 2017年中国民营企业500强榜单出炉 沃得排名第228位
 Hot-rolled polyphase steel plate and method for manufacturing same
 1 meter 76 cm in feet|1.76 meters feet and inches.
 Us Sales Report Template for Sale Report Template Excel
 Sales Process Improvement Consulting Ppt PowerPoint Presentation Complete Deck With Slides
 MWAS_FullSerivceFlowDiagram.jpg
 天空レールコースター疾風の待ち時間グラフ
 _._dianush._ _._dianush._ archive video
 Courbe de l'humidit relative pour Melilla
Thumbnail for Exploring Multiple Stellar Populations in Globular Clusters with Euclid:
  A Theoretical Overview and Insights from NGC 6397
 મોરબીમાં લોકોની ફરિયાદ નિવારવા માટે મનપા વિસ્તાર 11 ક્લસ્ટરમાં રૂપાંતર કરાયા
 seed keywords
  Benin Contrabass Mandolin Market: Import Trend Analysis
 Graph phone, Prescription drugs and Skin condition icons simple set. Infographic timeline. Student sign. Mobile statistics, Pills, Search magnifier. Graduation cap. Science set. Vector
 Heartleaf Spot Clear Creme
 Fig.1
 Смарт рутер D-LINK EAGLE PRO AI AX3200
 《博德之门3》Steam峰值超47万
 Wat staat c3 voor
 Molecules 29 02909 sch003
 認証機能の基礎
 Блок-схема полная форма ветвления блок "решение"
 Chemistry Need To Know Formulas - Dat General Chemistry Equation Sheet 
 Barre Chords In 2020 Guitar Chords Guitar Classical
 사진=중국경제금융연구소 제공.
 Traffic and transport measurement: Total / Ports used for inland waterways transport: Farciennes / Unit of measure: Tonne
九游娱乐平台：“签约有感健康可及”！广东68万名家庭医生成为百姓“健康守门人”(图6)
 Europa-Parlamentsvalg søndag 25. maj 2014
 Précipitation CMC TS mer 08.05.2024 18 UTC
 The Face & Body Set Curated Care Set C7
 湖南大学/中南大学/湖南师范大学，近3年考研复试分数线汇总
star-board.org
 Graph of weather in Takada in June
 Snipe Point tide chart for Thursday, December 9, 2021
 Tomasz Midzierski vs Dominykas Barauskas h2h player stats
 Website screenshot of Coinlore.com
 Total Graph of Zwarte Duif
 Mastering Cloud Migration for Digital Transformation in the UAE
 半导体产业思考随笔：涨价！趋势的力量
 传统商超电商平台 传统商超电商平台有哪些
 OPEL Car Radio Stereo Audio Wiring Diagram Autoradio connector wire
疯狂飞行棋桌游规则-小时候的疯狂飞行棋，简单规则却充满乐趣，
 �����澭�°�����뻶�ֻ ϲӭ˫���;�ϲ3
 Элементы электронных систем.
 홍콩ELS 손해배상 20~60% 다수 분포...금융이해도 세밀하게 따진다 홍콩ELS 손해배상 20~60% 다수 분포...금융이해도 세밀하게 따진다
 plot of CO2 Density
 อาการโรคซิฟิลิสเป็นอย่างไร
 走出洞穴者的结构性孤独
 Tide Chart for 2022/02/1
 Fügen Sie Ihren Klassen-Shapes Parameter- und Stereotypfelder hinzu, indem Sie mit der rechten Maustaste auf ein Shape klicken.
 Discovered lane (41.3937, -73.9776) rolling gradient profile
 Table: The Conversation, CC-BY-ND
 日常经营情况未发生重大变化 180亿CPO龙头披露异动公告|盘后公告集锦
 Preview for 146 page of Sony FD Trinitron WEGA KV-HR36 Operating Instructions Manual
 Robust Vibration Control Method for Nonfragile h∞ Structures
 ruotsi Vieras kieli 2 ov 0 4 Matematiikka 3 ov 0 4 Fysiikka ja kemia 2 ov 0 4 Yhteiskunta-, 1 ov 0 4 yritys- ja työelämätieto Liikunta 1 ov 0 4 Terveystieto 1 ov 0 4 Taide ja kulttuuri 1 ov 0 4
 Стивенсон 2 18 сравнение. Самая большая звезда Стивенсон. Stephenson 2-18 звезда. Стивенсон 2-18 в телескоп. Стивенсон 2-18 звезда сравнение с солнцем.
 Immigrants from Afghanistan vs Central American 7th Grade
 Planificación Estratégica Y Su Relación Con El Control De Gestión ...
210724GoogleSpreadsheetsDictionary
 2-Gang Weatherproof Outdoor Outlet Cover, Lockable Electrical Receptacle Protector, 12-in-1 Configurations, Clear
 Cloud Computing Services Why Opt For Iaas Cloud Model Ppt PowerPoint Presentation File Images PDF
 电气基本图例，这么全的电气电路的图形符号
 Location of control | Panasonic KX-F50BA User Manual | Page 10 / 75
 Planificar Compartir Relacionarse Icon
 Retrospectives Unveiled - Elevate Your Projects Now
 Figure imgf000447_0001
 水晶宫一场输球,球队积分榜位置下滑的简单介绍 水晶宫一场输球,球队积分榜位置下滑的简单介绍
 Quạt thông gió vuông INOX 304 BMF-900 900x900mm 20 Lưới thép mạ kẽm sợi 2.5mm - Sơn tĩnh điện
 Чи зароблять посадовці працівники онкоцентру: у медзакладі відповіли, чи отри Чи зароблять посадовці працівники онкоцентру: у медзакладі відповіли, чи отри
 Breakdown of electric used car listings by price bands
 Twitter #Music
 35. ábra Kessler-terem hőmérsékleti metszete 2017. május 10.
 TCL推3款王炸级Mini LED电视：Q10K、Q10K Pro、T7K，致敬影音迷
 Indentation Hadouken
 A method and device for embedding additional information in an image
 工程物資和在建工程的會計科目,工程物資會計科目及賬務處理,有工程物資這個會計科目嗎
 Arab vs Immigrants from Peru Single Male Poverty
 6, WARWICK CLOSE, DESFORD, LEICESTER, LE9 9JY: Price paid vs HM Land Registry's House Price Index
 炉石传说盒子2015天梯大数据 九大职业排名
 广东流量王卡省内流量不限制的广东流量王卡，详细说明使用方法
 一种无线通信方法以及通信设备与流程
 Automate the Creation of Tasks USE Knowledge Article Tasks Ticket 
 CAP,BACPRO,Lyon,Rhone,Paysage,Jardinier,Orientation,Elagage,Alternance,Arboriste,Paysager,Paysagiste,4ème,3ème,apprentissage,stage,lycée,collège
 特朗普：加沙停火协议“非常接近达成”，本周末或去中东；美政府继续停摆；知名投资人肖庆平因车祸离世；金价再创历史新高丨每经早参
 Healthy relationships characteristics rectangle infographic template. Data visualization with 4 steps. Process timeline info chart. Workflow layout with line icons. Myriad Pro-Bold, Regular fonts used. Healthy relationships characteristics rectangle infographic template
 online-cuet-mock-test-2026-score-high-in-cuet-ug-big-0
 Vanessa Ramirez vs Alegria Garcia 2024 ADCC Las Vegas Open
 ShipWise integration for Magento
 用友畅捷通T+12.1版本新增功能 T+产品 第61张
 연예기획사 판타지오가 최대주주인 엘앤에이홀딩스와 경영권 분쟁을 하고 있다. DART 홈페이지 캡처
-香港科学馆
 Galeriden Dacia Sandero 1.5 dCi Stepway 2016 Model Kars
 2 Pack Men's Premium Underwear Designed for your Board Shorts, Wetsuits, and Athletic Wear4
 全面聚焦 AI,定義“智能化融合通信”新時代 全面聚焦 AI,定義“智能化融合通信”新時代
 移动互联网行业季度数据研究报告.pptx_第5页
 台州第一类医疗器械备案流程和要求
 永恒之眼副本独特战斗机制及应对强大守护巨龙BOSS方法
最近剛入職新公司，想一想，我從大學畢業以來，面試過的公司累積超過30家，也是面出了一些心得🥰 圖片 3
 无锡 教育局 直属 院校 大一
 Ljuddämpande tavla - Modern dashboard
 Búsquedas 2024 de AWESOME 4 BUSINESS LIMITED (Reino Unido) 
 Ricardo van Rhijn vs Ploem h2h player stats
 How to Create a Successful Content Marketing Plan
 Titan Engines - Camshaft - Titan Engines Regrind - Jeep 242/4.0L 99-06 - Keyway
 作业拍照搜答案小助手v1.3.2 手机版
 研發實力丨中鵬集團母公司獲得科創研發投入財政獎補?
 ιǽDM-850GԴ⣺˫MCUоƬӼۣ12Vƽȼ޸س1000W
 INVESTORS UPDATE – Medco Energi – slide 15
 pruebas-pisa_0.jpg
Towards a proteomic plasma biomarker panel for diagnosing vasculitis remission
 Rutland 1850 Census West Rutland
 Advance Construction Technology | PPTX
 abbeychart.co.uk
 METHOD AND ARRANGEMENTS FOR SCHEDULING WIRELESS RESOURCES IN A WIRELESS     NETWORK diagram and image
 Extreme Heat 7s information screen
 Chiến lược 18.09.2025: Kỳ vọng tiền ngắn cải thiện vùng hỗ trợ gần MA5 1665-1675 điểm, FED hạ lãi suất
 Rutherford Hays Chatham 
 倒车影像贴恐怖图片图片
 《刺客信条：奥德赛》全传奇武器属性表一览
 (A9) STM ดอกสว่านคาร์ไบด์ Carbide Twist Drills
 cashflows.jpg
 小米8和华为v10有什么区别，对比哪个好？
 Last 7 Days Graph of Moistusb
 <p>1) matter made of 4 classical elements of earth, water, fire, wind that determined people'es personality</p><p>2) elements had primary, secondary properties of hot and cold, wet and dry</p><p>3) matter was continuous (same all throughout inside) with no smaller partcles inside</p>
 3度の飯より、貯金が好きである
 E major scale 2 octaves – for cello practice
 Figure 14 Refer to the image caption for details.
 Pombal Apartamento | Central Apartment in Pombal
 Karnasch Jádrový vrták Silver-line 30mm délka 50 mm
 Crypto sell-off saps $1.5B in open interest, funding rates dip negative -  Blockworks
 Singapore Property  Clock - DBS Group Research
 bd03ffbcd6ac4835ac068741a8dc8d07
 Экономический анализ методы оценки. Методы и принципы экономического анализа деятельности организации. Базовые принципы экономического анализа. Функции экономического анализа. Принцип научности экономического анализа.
##############################
Only the lines above starting at the line that holds "Courbe de l'humidit relative pour Melilla" and ending at the line that holds "seed keywords" are to be repeated, exactly and in full.

SOLUTION FOR THIS PROBLEM
 Courbe de l'humidit relative pour Melilla
Thumbnail for Exploring Multiple Stellar Populations in Globular Clusters with Euclid:
  A Theoretical Overview and Insights from NGC 6397
 મોરબીમાં લોકોની ફરિયાદ નિવારવા માટે મનપા વિસ્તાર 11 ક્લસ્ટરમાં રૂપાંતર કરાયા
 seed keywords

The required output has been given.